Kinematics – The actual arrangement of rigid members and joints in the robot, which determines the robot's possible motions. Classes of robot kinematics include articulated, Cartesian, parallel and SCARA.
Types of Industrial Robots
There are different types of industrial robots based on specifications and applications. Various types of industrial robots include non-servo robots, servo robots, programmable robots, and computer programmable robots.
Non-servo robots: These robots are used to move and place objects. That means, these robots will be capable to pick up an object and transport the object, place it down.
Servo robots: Servo robots include manipulators, effectors, robotic appendages that function as the arms and hands of the robot.
Programmable robots: These robots store commands in a database i.e. they can repeat a task a pre-determined number of times.
Computer programmable robots: These robots are essentially servo robots that can be controlled remotely, via a computer.
Classification by Types of Robots
Robots are mostly classified into five major configurations based on their mechanical structure. They are:
Cartesian robot: Cartesian robot consists of three prismatic joints and axes are concurrent with a Cartesian coordinate system
SCARA robot: SCARA (Selective Compliance Assembly Robot Arm) robot is included with two parallel rotary joints to provide compliance in a plane.
Articulated robot: Articulated robot is a robot whose arm has at least three rotary joints
Parallel robot: A parallel robot is a robot whose arms have concurrent prismatic or rotary joints
Figure: Classification of industrial robots by mechanical structure (Source: IFR)
Let us check out the classification of robots in detail:
1) Cartesian Robot:
Also known as: Linear Robots/XYZ robots/Gantry Robots
A Cartesian robot can be defined as an industrial robot whose three principal axes of control are linear and are at right angles to each other.
Using their rigid structure, they can carry high payloads. They can perform some functions such as pick and place, loading and unloading, material handling, and so on.

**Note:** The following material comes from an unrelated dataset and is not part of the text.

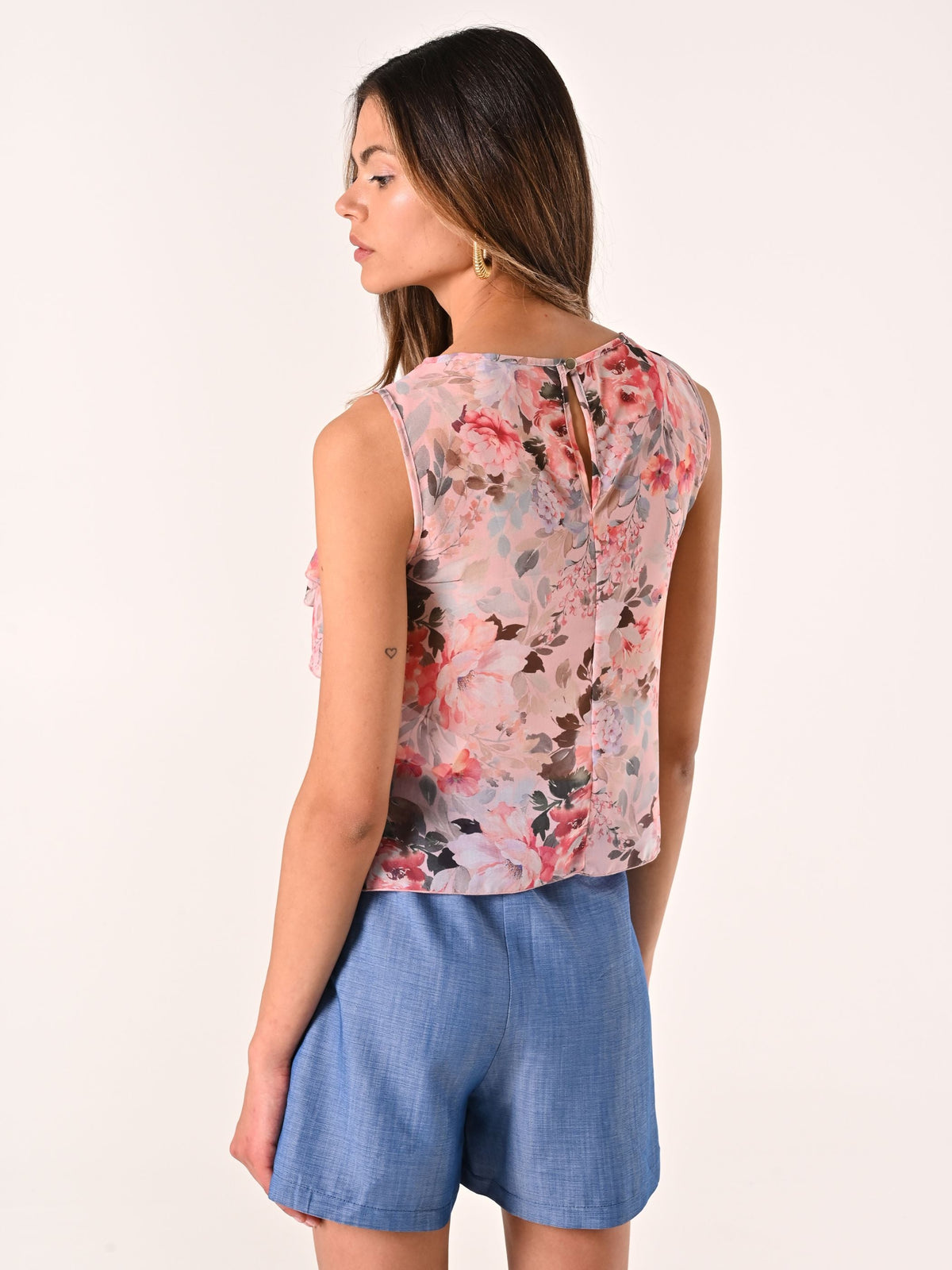 Top con Rouches stampa Floreale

Cartesian robots are also called as Gantry robots as their horizontal member supports both the ends.
Cartesian robots are also known as linear robots or XYZ robots as they are outfitted with three rotary joints for assembling XYZ axes.
Examples of linear/Cartesian/gantry robots
Applications:
Cartesian robots can be used in sealing, handling for plastic moulding, 3D printing, and in a computer numerical control machine (CNC). Pick and place machines and plotters work on the principle of the Cartesian robots. They can handle heavy loads with high positioning accuracy.
Examples of Applications of linear/Cartesian/gantry robots
Advantages:
• Highly accurate & speed
• Less cost
• Simple operating procedures
• High payloads
• Very versatile working
• Simplifies robot and master control systems
Disadvantages:
They require a large volume of space to operate
2) SCARA Robot
The SCARA acronym stands for Selective Compliance Assembly Robot Arm or Selective Compliance Articulated Robot Arm.
The robot was developed under the guidance of Hiroshi Makino, a professor at the University of Yamanashi. The arms of SCARA are flexible in the XY-axes and rigid in the Z-axis that makes it to familiarize to holes in the XY-axes.
Figure: Representation of XYZ axes of a SCARA robot
In the X-Y direction, the arm of SCARA robot will be compliant and strong in the ‘Z’ direction due to the virtue of the SCARA’s parallel-axis joint layout. Hence the term, Selective Compliant.
This robot is used for various types of assembly operations i.e. a round pin can be inserted in a round hole without binding using this. These robots are faster and cleaner than comparable robot systems and they are based on serial architectures, that means the first motor should carry all other motors.
Examples of SCARA Robots
Applications:
SCARA robots are used for assembly, packaging, palletisation, and machine loading.
Examples of applications of SCARA Robots
Advantages:
• High speed capabilities
• Perform great in short-stroke, fast assembly and pick-and-place applications
• It contains Donut Shaped work envelope
Disadvantages
SCARA robot typically requires dedicated robot controller in addition to line master controller like PLC/PC.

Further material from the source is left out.